LOS CELOS
Felisa era una mujer casada con un
pescador. Tenían dos hijos ya casados y llevaba una vida sencilla y normal,
llegando siempre justa a fin de mes pero tratando de ser feliz y disfrutando de
su familia, que era su más preciado tesoro.
Como todas las mañanas, como había
hecho toda su vida, acudió a la panadería del pueblo.
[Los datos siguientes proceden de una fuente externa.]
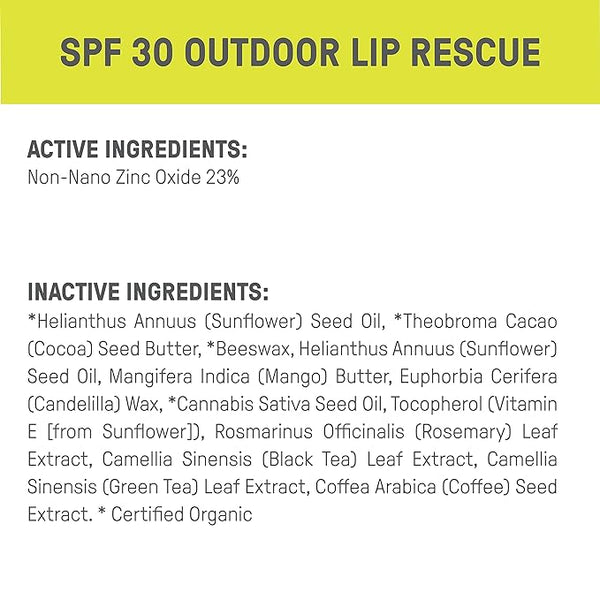 RAW ELEMENTS LIP RESCUE SPF 30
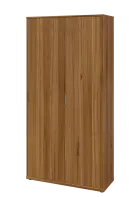 KSR6-81 P skříň šatní, 2x výsuvné ramínko, 2053x1022x400 mm, provedení pravé, ořech světlý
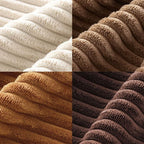 Corduroy Velvet Cushion Covers - Pack of 4 Mix of Brown Shades - 30cm x 50cm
La casualidad hizo que se
encontrara con Maruchi, su amiga de la infancia y con quien tantas cosas y
penalidades había vivido. Después de abrazarse y contarse cosas de sus hijos y
nietos y de cómo les había tratado la vida, Maruchi le preguntó:
—Pero Felisa, hija, ¿no te aburres
en este pueblo? ¡Si aquí no hay nada! Yo, para unos días en verano, lo aguanto;
pero si estoy aquí en invierno, me muero. Esto es como vivir en un desierto.
Chica, con lo que yo viajo…, ¡pero si es que no paro! Imagínate: El perfume…
¡cojo un avión y a París! Y la vajilla… ¡a Londres! Porque eso sí, la cambio
cada año; ¡porque menudo aburrimiento, comer toda la vida en los mismos platos!
Y mi casa… ¡ay, mi casa! Entera de mármol. Bueno, y la piscina, gigante; no te
imaginas la gente tan importante que nos visita. Y los coches… tenemos cuatro.
En fin, que no me puedo quejar. Pero bueno, Felisa, cuenta tú algo, que te has
quedado muy callada.
—Pues mira, mi pisito —con mucha
falta de arreglo, eso sí—, lo tengo pagado. Pero estoy loca por meter el gas
ciudad, pues con la bombona de butano me ocurre siempre lo mismo, que, cuando
estoy en la ducha, con todo el pelo lleno de jabón, se acaba el gas, ¡y sal a
cambiar la bombona! Y no veas lo mal que me sienta. Los baños, como siempre: en
verano y en la playa. Lo de viajar, pues en La Cantábrica: a Santander, a
Torrelavega, etc. Bueno, hace poco estuve en Oviedo, pues mi marido se lesionó en
el barco un ojo y fuimos a los Vega. Olvidaba la excursión parroquial: no me la
pierdo, pues lo pasamos en grande; porque suele haber baile y disfrutamos de lo
lindo. Cine: en verano, en la plaza. Y, de vez en cuando, al auditorio, aunque
llevamos una racha de películas raras que no las acabo de coger o de entender.
Estaban en esa exposición de sus
vidas cuando apareció el marido de Maruchi a recogerla. ¡Caramba, qué hombre
tan guapo! ¡Y qué elegante! ¡Si hasta me ha besado la mano en la presentación!
Esto es el colmo: siempre presumiendo que yo, de envidia, nada de nada…, ¡pero si
estoy supercelosa de lo bien que la vida ha tratado a mi amiga! Y para más
rabia, me pregunta si aún existe La Cantábrica, que qué paliza viajar con tanta
parada.
Ya en casa, sobre mi tabla de
madera, picando perejil, estoy refunfuñando sola. Yo, de su vida, ¿celos? Para
nada. Porque algo le tiene que faltar. Su cara está arrugada, y el cuerpo… bien
gordita que está. ¿Celosa? Para nada.
P.D. – Ya quisiera su
marido tener los ojitos del mío, ja, ja, ja.